**RECORDS SHOWN:**
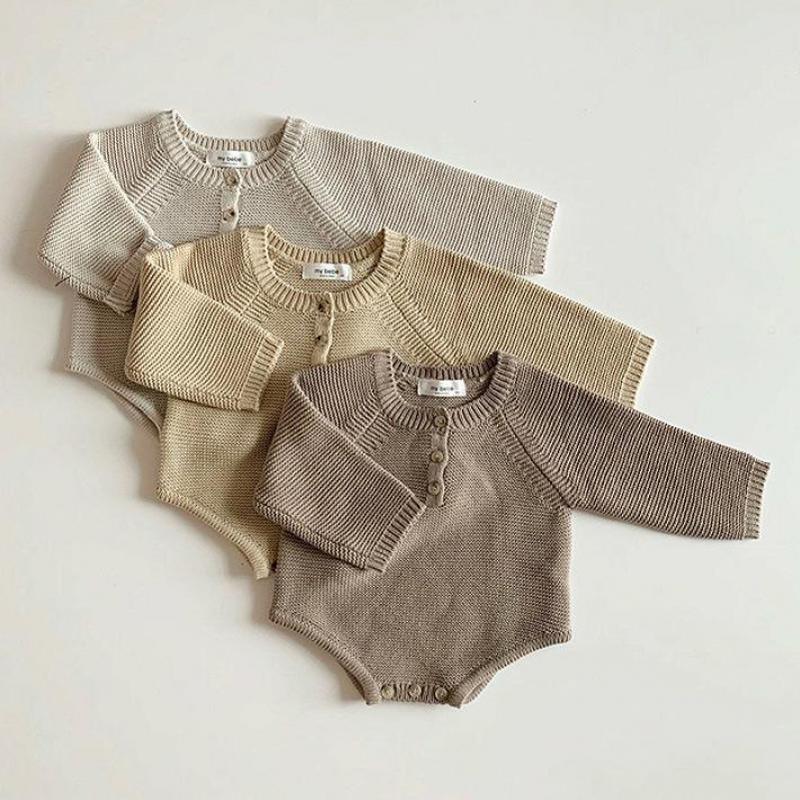 New kids wear Boys Girls Knitted Bodysuit Infant Jumpsuit Newborn Baby Sweater set Wholesale - PrettyKid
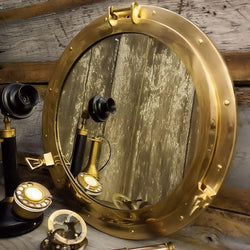 Large Nautical Polished Brass Porthole Mirror - Doozie Light Studio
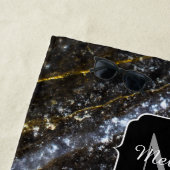 Sparkly lijn goud zwart chic abstract Monogram Strandlaken (In situ)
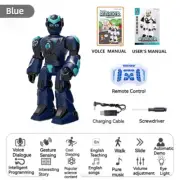 Blue Kid Toy Charge Remote Control Intelligent Gesture Voice Electric Robot Gift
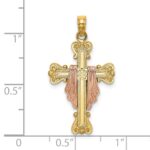14k Two-Tone Cross with Drape Charm - Image 2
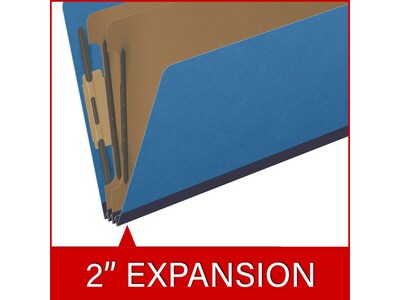 Medical Arts Press Pressboard Classification Folder, 2 Dividers, 2" Expansion, Legal Size, Royal Blue, 10/Box
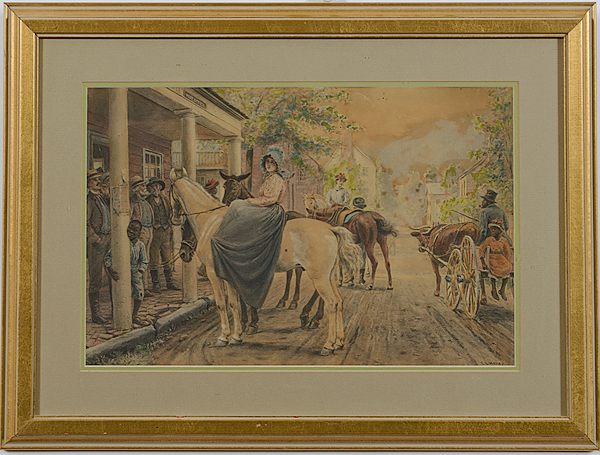 E.L. Henry Genre Scene Pastel and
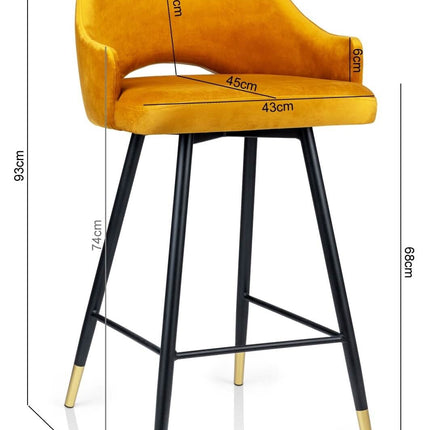 Bar Stools Rose with black metal base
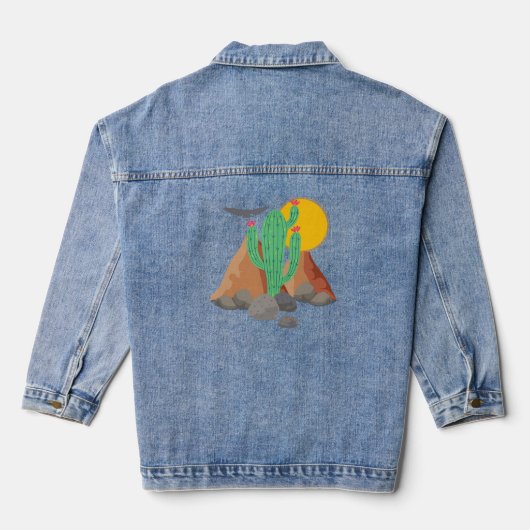 Westerne woestijnvibes: zuidwestelijke cactus deni denim jacket (Achterkant)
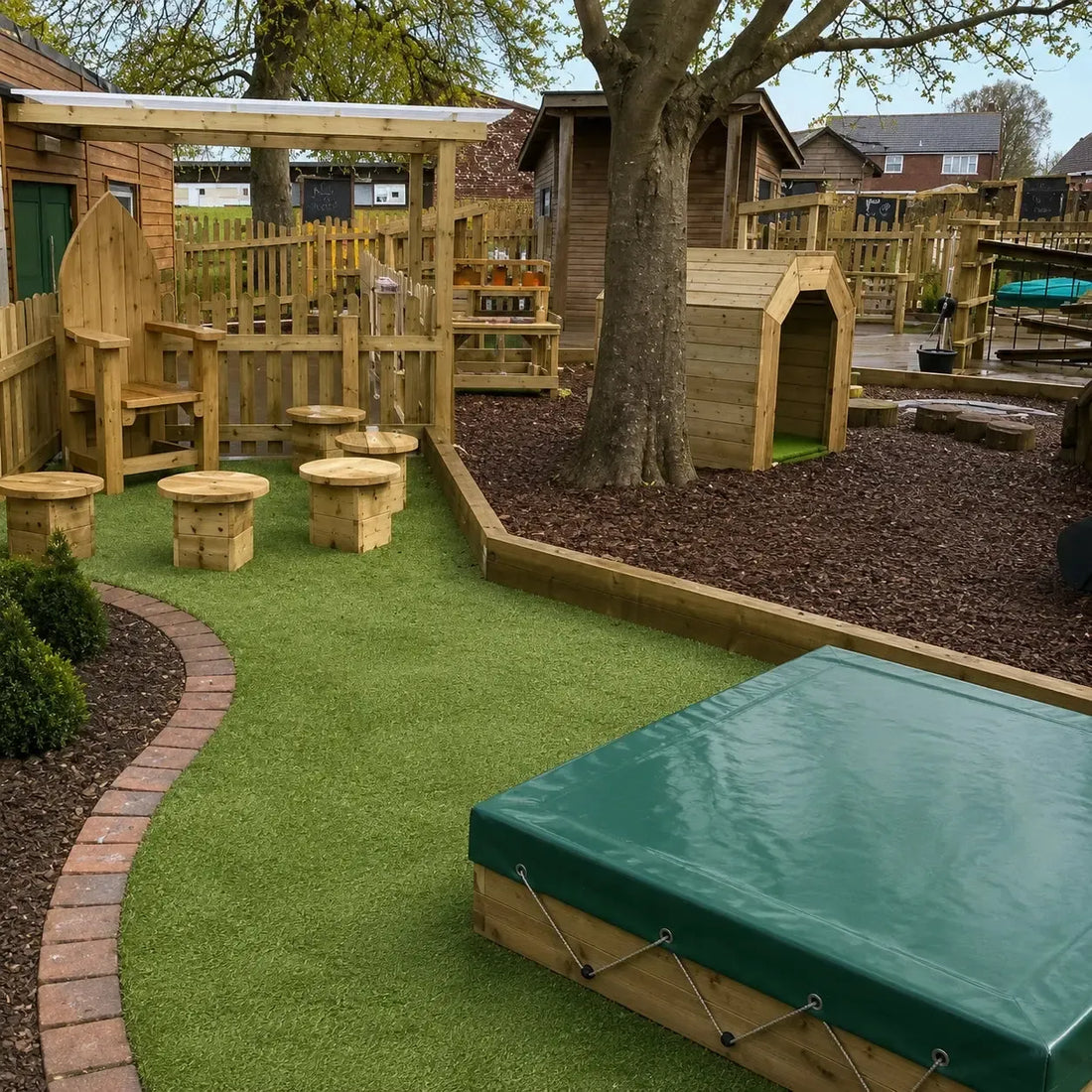 Wooden Sandpit with PVC Cover-Wooden Sandpit with PVC Cover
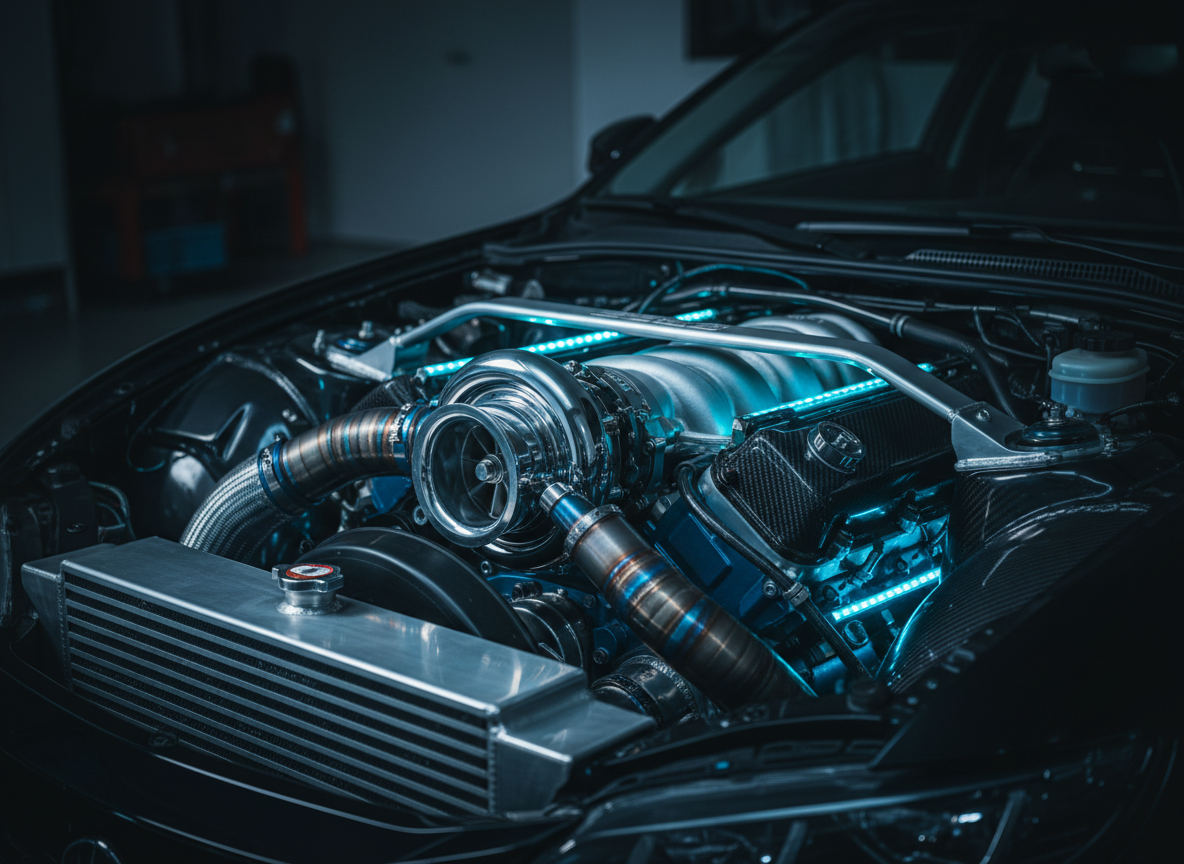 High-performance turbocharged engine bay with cyan LED accent lighting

**TASK BRIEF:**
Exactly the lines from the one that contains "Medical Arts Press" through the last line of the records should be set down, and the pictures should be dropped.

**SOLUTION TO THIS TASK:**
 Medical Arts Press Pressboard Classification Folder, 2 Dividers, 2" Expansion, Legal Size, Royal Blue, 10/Box
 E.L. Henry Genre Scene Pastel and
 Bar Stools Rose with black metal base
 Westerne woestijnvibes: zuidwestelijke cactus deni denim jacket (Achterkant)
 Wooden Sandpit with PVC Cover-Wooden Sandpit with PVC Cover
 High-performance turbocharged engine bay with cyan LED accent lighting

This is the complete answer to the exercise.